At Arcadia, Kovalenko thrived. He led the team to a Section 5 title and a runner-up berth. Personally, he earned All-American honors twice and was named the New York state player of the year in 1996.
In the classroom, he forged a 3.1 grade-point average, which was an achievement in itself considering Kovalenko did not know a word of English when he came to America. In fact, he took freshmen courses two years in a row “because I didn’t know the language.
“It was very difficult to communicate and ask for things just for a normal life.”
Kovalenko was a highly sought-after player. He said more than 150 colleges were interested, many offering full scholarships.

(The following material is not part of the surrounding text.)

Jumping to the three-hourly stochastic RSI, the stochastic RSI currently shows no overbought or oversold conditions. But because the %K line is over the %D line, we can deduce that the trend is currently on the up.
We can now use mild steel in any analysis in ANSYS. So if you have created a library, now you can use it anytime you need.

He wanted to go to the University of Virginia and play for Bruce Arena, now the Red Bulls coach.
“I could have gone to Yale, Dartmouth,” he said. “I could have gone to any school I wanted to go. I could have gone to Virginia. Bruce recruited me. I’ll never forget. Every college visit I had the assistant coach picked me up. I went to Virginia and Bruce came to pick me up. We went to dinner and I loved the school. When I started looking for schools in my sophomore year, that’s all I heard. Virginia. Virginia. The best school. They won like five titles in six years, four in a row. So, I told myself that’s where I want to go. That’s the best school. I had a chance to go there.”
But Arena decided to turn pro and became coach of D.C. United in MLS’s inaugural season, forcing Kovalenko to alter his plans.

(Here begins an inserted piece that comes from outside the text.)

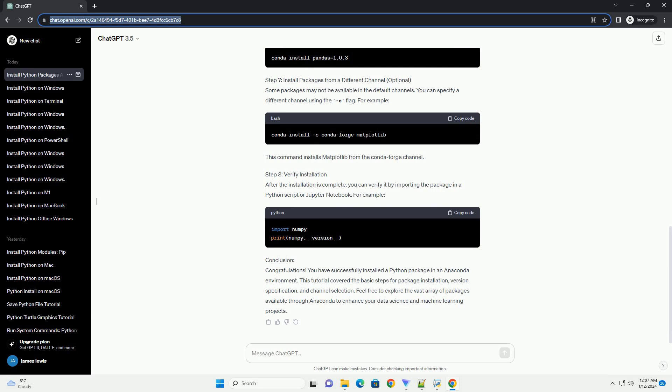Step 3: Activate the Environment. If you created a new environment, activate it by selecting it from the list and clicking on the play button on the right. If you are using the base environment, you can skip this step.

So, Kovalenko decided to go to Indiana and two other Ukrainian players who settled in Rochester area came along with him — Yuri Lavrinenko and Aleksey Korol. They helped coach Jerry Yeagley, who for most of his career, had resisted using foreign-grown talent until then, capture the 1998 Division I crown.
Kovalenko wanted to turn pro after his sophomore year. But losing in the semifinals and some convincing from Yeagley and assistant coach Michael Freitag (the current head coach) brought him back for one more year — 1998 — and won a national title.

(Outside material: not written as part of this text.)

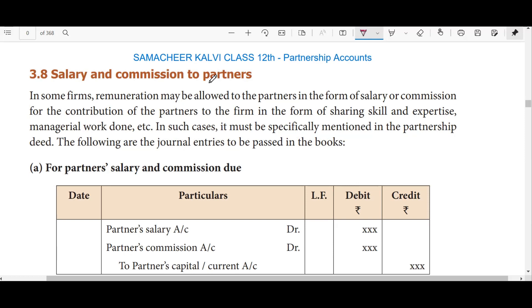Usually, remuneration is given to partners because there is a profit. If you are doing business and there is profit, then you'll see the profit-sharing ratio and how the profit is distributed among partners.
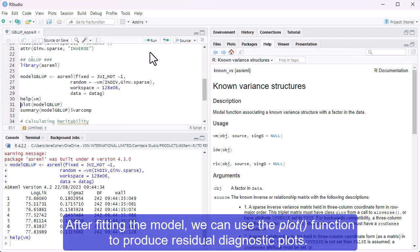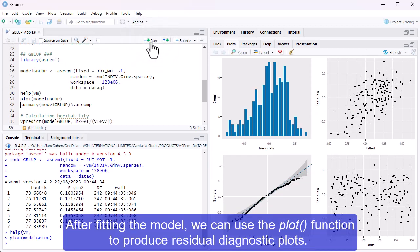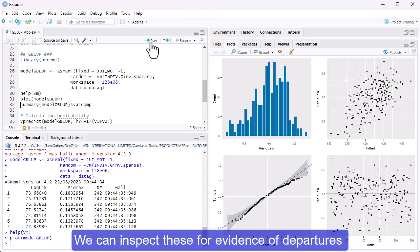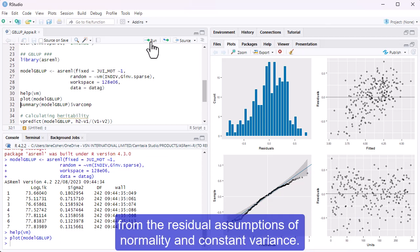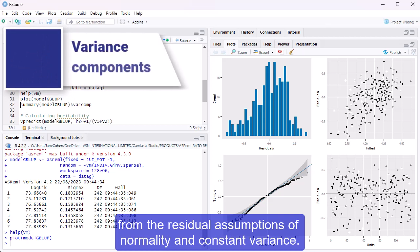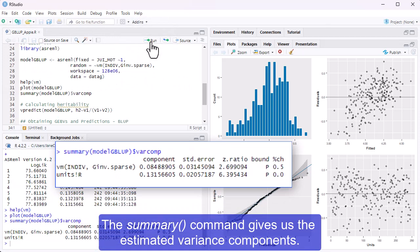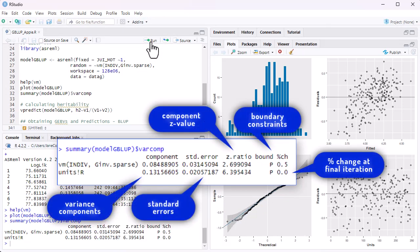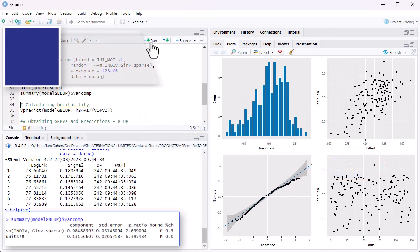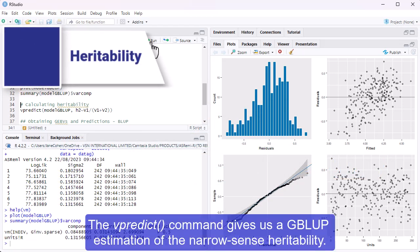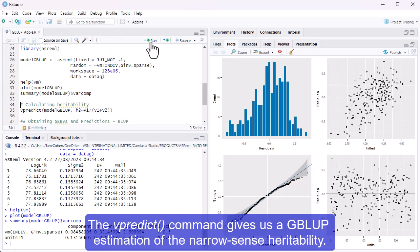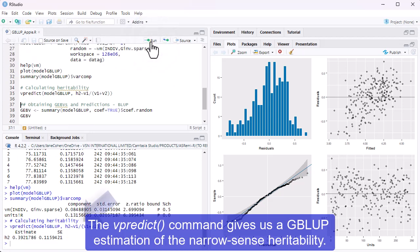After fitting the model, we can use the plot function to produce residual diagnostic plots. We can inspect these for evidence of departures from the residual assumptions of normality and constant variance. The summary command gives us the estimated variance components. The vpredict command gives us a GBLUP estimation of the narrow-sense heritability. Note that this heritability is the one based on the clonal means.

He was able to take down that picture from his wall.
The picture may be gone, but the fire still lives inside Kovalenko.
He admitted he is always working on tempering his temper without losing any of his passion. Through last Saturday’s 4-0 triumph over the Columbus Crew, Kovalenko has accrued 43 yellow cards and five red cards in 186 games over nine seasons.
It hasn’t been easy.
Kovalenko said that he “realized one thing” early on: “It’s not about me. That’s one thing that you forget. You’re in a game and you’re so emotional, so crazy. But you know what? There are 10 guys on the field and 20-24 guys in the locker room. That’s what you’ve got to think about. If you play tennis and get thrown out, you know what? That is my fault and I blame myself.
“To leave the other players down. In soccer you play one man down, it’s a big difference, especially at this level. That’s what I really realized. I still do some things sometimes. I think I’ve gotten a little bit better, but I still have a long way to go.”